And then when it does slip your grasp, you go to pieces.

Four nights it’s been; four nights of wrestling a vibrating baby who is development-spurting at the speed of light and spending his nights rolling and crawling oh god help me around his crib – or, when the victory squawking has become too much, in our bed – in pursuit of some invisible gold ring that I assume hovers magically just beyond his reach. Four nights of spending hours trying to get him to just be still, to just chill out, to save the gymnastics and the glee-clubbing until the morning, please oh god please, only to have him settle into something approximating a sleepy calm at the precise moment that the preschooler wakes up coughing and hollering about her nose hurting.

I’m so tired that I can’t see straight. And I just can’t see any solution. Crying it out doesn’t work because he seems to have an infinite capacity for wakefulness and so can outcry, outsquawk, outholler, outlast us with little effort. Bringing him into bed with us doesn’t work because although he’s more likely to take a few sleep breaks from his gymnastics practice when he can crawl up tight against my breast, he never actually stills, and so even though he snoozes while he’s cuddled up against me he also kicks me in the ribs and/or punches me in the head every few minutes and that’s, you know, not conducive to sleep.

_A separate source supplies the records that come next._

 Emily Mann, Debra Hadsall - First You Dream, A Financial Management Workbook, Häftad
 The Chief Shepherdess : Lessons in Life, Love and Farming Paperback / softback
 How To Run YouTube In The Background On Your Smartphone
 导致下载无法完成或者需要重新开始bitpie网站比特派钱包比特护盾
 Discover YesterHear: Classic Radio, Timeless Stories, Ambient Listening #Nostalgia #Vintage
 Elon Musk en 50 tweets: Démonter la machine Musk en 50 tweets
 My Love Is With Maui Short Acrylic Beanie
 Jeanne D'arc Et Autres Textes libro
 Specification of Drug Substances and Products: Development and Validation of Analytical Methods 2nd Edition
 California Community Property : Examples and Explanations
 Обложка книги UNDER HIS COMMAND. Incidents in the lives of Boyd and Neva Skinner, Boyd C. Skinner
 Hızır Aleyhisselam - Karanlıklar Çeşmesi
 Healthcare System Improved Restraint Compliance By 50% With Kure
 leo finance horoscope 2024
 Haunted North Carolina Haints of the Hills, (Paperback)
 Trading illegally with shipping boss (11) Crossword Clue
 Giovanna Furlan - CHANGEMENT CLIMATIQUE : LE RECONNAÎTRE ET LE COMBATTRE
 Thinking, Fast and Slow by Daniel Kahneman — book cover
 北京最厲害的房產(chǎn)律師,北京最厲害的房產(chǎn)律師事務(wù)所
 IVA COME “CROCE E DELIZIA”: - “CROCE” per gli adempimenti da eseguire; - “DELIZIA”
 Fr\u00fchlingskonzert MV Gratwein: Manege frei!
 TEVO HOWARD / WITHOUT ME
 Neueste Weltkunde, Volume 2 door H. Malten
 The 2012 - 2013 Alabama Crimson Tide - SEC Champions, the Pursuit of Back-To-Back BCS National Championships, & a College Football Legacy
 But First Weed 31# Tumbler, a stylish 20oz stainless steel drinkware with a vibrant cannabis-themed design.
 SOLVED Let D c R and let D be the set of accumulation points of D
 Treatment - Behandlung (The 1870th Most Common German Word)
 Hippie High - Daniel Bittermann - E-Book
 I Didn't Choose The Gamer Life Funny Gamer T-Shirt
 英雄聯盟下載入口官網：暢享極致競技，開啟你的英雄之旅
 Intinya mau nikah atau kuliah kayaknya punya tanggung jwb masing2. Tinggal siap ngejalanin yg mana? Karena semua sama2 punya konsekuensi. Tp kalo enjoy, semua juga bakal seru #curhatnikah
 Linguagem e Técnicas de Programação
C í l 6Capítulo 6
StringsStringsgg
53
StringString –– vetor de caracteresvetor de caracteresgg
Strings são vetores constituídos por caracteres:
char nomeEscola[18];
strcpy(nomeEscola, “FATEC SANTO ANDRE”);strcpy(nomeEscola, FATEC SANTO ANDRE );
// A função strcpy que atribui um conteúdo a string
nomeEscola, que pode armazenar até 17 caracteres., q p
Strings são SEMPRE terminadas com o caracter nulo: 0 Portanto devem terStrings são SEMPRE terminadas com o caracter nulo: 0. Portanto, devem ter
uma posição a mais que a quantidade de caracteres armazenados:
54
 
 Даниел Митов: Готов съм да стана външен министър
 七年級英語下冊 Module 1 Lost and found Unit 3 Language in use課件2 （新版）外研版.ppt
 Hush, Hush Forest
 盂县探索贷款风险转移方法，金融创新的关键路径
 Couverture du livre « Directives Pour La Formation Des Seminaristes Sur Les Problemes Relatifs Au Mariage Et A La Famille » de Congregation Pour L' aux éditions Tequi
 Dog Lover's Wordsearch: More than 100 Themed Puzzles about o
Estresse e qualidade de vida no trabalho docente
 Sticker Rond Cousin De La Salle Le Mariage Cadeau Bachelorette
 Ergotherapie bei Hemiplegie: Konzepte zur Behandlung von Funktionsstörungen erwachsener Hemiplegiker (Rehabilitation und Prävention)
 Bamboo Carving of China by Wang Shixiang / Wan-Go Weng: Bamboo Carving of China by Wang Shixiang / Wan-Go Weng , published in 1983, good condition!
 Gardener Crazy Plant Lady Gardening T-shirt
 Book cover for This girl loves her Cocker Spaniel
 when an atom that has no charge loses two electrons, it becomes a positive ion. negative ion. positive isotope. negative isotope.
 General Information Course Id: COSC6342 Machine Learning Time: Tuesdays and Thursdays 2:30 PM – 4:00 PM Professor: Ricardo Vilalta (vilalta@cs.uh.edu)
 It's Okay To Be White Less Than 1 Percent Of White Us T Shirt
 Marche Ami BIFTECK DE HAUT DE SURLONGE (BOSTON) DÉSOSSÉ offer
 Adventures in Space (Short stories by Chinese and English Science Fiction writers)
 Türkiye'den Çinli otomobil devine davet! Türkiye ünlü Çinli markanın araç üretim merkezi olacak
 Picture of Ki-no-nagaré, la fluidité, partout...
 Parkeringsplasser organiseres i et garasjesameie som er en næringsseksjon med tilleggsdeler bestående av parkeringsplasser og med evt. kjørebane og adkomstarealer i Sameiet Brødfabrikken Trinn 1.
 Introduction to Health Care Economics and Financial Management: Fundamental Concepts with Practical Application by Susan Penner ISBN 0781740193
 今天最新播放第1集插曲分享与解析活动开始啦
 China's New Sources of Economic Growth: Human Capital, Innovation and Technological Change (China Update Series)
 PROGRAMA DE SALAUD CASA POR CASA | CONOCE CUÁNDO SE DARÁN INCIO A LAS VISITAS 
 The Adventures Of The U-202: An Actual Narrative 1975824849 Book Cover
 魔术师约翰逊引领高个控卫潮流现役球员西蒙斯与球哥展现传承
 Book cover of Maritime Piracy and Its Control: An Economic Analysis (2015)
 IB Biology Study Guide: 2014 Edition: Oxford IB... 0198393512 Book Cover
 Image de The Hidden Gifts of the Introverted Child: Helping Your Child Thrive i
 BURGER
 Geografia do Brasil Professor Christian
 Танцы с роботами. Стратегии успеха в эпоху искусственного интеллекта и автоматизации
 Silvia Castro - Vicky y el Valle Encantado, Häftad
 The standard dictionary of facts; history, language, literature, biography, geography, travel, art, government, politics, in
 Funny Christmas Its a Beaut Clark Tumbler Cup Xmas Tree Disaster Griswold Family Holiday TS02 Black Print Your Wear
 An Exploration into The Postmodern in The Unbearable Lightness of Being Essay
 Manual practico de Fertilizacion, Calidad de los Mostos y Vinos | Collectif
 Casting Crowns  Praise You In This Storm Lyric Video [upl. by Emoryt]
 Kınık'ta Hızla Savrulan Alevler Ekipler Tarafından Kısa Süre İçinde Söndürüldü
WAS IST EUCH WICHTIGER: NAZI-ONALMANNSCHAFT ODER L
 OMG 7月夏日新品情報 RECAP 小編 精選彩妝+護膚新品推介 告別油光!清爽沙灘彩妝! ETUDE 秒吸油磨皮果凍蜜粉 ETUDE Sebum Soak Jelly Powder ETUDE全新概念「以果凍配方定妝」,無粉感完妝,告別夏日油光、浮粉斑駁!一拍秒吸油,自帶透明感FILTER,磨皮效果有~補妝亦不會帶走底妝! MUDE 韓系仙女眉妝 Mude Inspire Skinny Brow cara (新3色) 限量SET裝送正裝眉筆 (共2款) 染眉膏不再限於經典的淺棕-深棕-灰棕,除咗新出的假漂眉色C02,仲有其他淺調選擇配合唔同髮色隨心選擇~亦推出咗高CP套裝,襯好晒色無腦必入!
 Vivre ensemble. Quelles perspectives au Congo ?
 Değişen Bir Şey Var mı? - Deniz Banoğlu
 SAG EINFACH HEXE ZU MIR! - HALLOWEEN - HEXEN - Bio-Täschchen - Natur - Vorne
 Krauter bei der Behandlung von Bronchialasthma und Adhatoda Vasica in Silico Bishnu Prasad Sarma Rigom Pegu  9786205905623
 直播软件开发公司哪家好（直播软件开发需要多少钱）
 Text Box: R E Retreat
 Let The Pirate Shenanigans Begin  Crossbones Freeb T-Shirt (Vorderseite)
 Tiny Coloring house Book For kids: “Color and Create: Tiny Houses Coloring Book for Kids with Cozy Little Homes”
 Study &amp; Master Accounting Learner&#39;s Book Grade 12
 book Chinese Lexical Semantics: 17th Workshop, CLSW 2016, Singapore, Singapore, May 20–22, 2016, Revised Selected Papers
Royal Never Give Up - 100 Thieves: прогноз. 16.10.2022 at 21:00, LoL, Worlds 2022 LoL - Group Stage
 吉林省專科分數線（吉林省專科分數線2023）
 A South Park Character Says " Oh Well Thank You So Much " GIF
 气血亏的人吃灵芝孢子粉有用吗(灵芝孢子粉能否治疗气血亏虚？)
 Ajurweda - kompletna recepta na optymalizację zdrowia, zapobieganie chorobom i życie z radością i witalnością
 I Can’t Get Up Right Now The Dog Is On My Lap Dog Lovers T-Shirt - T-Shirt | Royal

The husband does all of the actual getting up, the hovering over the crib, the delivery of child to my side when it seems there’s nothing left to do, but still: I can hear it all, I can feel it all, and not even the Ativan helps when your body is shouting at you to tend to your baby. So what’s next? Do I just check into a hotel for a night or two – seriously, we talked about that last night – to catch up on sleep? Or do I just ride it out? How long can I go without sleep? How crazy will I get?

Mama said knock her out.

(And, and… how long can I go on just barely coping? I have an out-of-control inbox – I am seriously weeks behind in responding to e-mails – and an ever-lengthening to-do list and – worst – a backlog of things that I need/want to write about – my frustrations searching for my long-lost brother, my ongoing struggle to figure out how not to be dominated completely by my nearly three-year old daughter, some thoughts on raising children under the condition of post-modern capitalism, an anecdote or two about politesse as it pertains to penises, etc, etc. My brain is backlogged and cramped and sore and all this sleeplessness is making it worse. Is it possible for one’s brain to simply explode?)

Seriously. If my husband were to bring up the issue of vasectomies right this minute? I’d give him one myself.

Update: Last night (Friday night), he slept over eight hours straight. EIGHT HOURS. No idea why. Things we did differently: kept him up a bit more in the day, so that he had two longer naps rather than multiple shorter ones, put darker curtains on his nursery window to block more light, and put him to sleep in a snuggle (modified, arms-free swaddle) blanket. Will repeat these steps today and see if it works again. Whatever it is: AM SO ABSURDLY, MANICALLY GRATEFUL.